膝蓋骨脱臼とは膝のお皿の骨が外れやすくなる病気です。
比較的軽症のグレード1から重症のグレード4まで程度により症状が違ってきます。

グレード別の症状は以下の通りです。

グレード1
膝蓋骨は正常な位置にあり、足を伸展させて膝蓋骨を指で押すと脱臼するが、放すと自然に整復される。
無症状の場合が多い。

グレード2
膝関節は不安定で、膝蓋骨は脱臼したり元に戻ったりしている。
指で膝蓋骨を押すと整復できる。日常生活に支障はないが、この状態で年数を重ねていくと骨の変形が進み、膝蓋骨を支える靱帯が伸びてグレード3に移行してしまう。

グレード3
膝蓋骨は常に脱臼状態にあり、指で押せば整復できるが放すとすぐに脱臼してしまう。
多くは、膝関節を屈曲させたまま歩行するので跛行がみられる。
大腿骨や脛骨の変形も明らかになってくる。

グレード4
膝蓋骨は常に脱臼し、指で整復できない。
大腿骨や脛骨の変形もさらに重度になり患肢が伸展できなくなる。



症状のグレードが高い子を放置した場合、重度な関節炎が生じたり、前十字靭帯が断裂してしまうことがあります。(※膝蓋骨脱臼の子のうち15〜20%の子に前十字靭帯断裂が起こる)
前十字靭帯が断裂すると、肢を使わなくなり、関節炎などが進行するため前十字靭帯の整復手術も必要になってしまいます。

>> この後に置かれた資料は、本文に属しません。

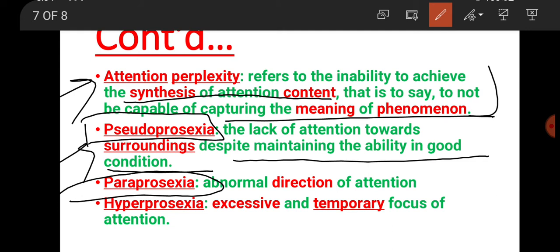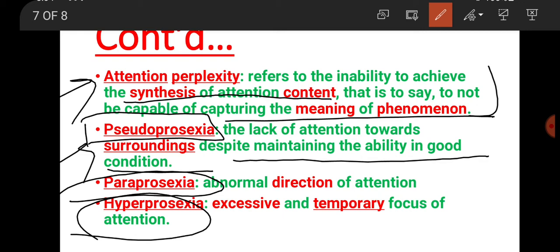In paraprosexia, when we focus on attention we use direction - direction from right to left. This direction is reverse or not uniform - the right direction is affected. This is called paraprosexia.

症状が軽い子(グレード1など)の場合、ダイエットに取り組んだり、足の裏の毛をまめにカットしてあげたり、床を滑りにくくしてあげたりすることで膝への負担をある程度軽減できることもあります。
しかし、最初はグレード1、2であっても徐々にグレード3、4に移行していくことがあります。

症状が重度な子犬の場合、痛みがあったり跛行するなど症状がある子の場合は、関節炎が重症化して手遅れになる前に出来るだけ早期に骨を矯正することが重要です。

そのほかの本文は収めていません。